**EXERCISE DETAILS:** Find the line containing "黑背景咖啡色白鼻英姿骏马", then return it and every line after it through the end of the records, exactly. Leave out pictures.

== DATASET EXTRACT ==

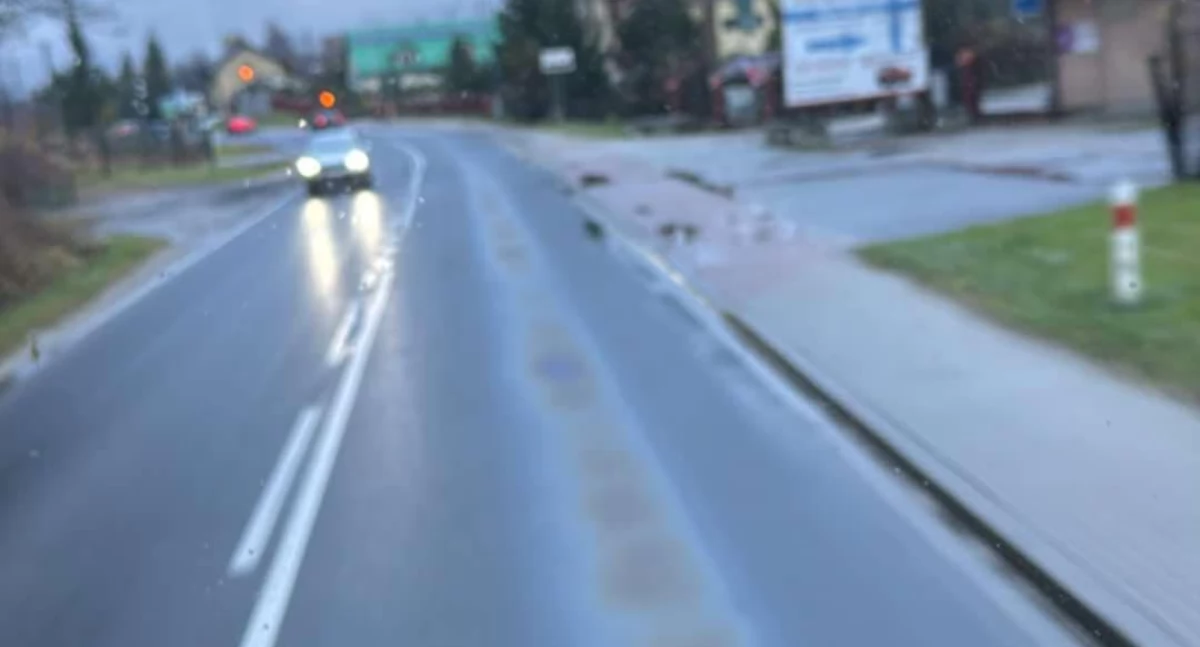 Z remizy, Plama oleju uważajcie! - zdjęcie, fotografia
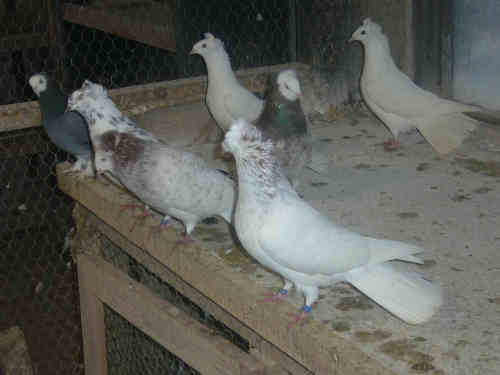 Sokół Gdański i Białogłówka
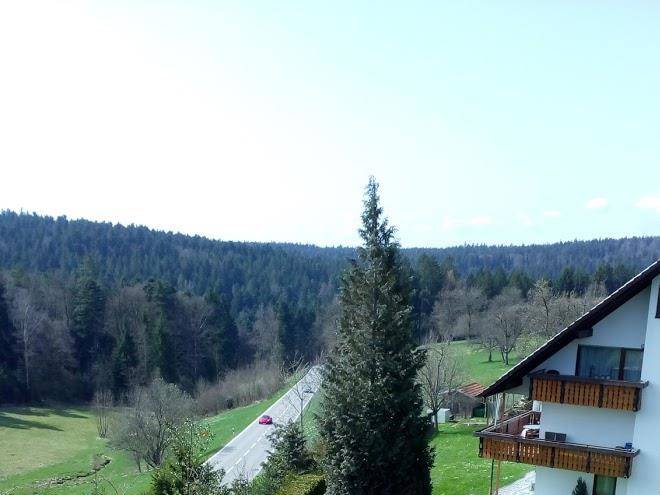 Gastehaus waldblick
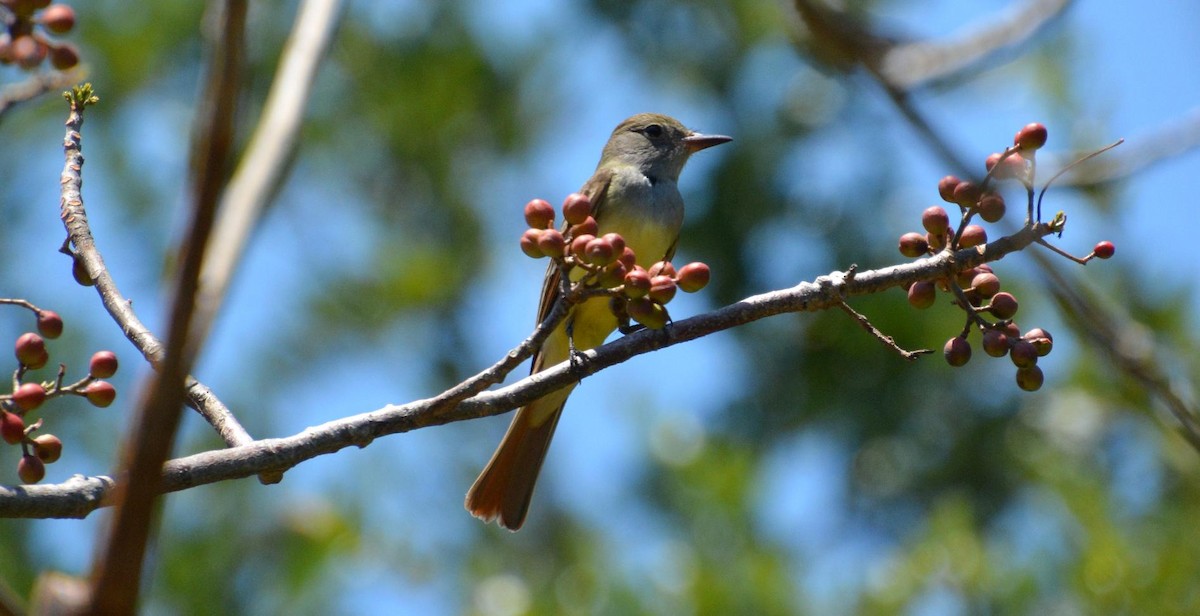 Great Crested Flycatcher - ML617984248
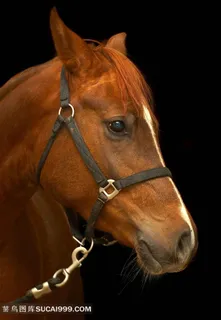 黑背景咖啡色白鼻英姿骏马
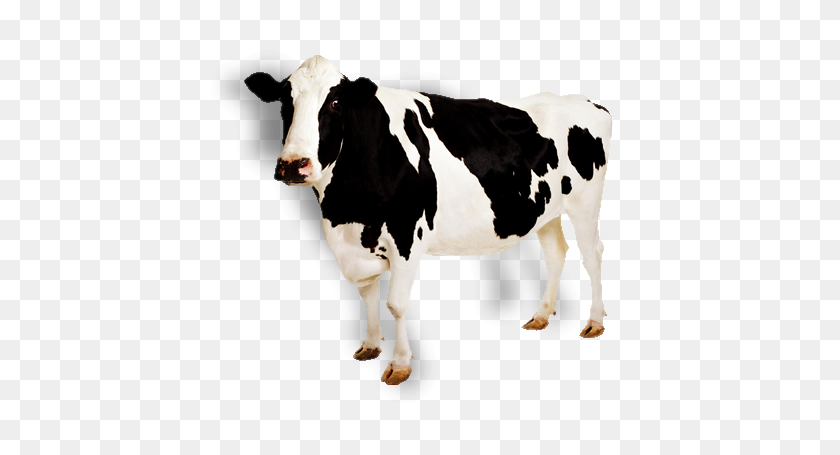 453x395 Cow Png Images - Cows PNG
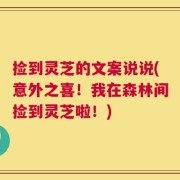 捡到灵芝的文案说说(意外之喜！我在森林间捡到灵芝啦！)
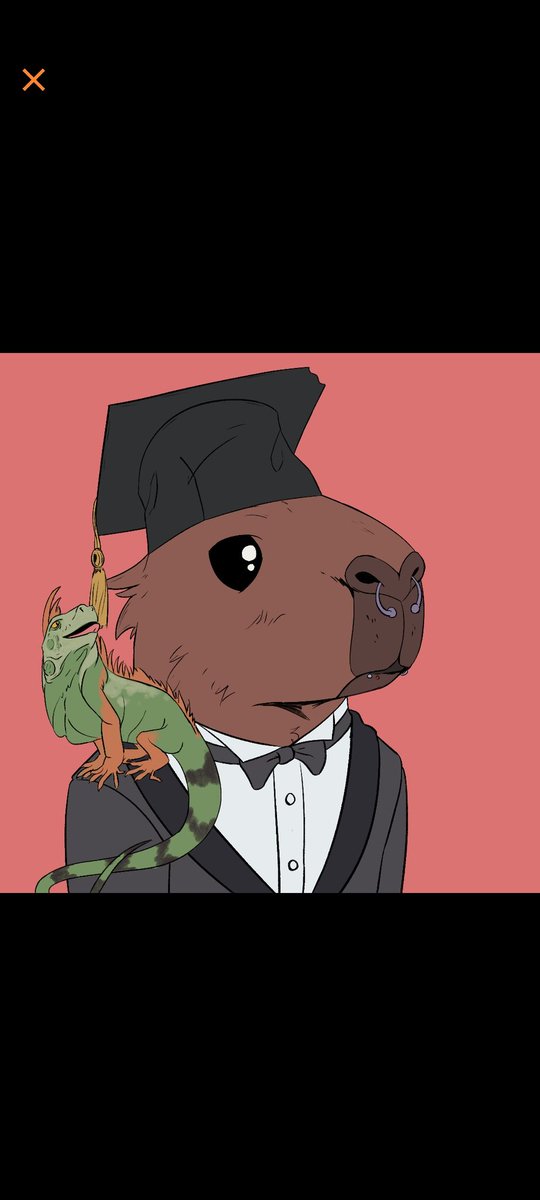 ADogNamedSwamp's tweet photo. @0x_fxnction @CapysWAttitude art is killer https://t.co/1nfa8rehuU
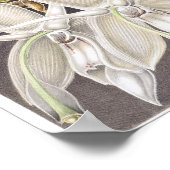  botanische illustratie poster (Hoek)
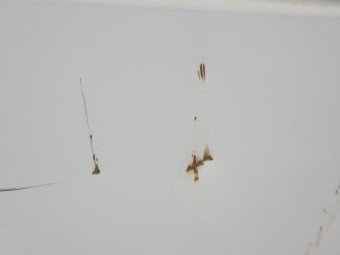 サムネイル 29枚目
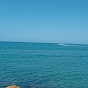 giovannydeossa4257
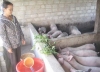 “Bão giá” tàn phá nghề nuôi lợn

===

**SOLUTION TO THIS EXERCISE:**
 黑背景咖啡色白鼻英姿骏马
 453x395 Cow Png Images - Cows PNG
 捡到灵芝的文案说说(意外之喜！我在森林间捡到灵芝啦！)
 ADogNamedSwamp's tweet photo. @0x_fxnction @CapysWAttitude art is killer https://t.co/1nfa8rehuU
  botanische illustratie poster (Hoek)
 サムネイル 29枚目
 giovannydeossa4257
 “Bão giá” tàn phá nghề nuôi lợn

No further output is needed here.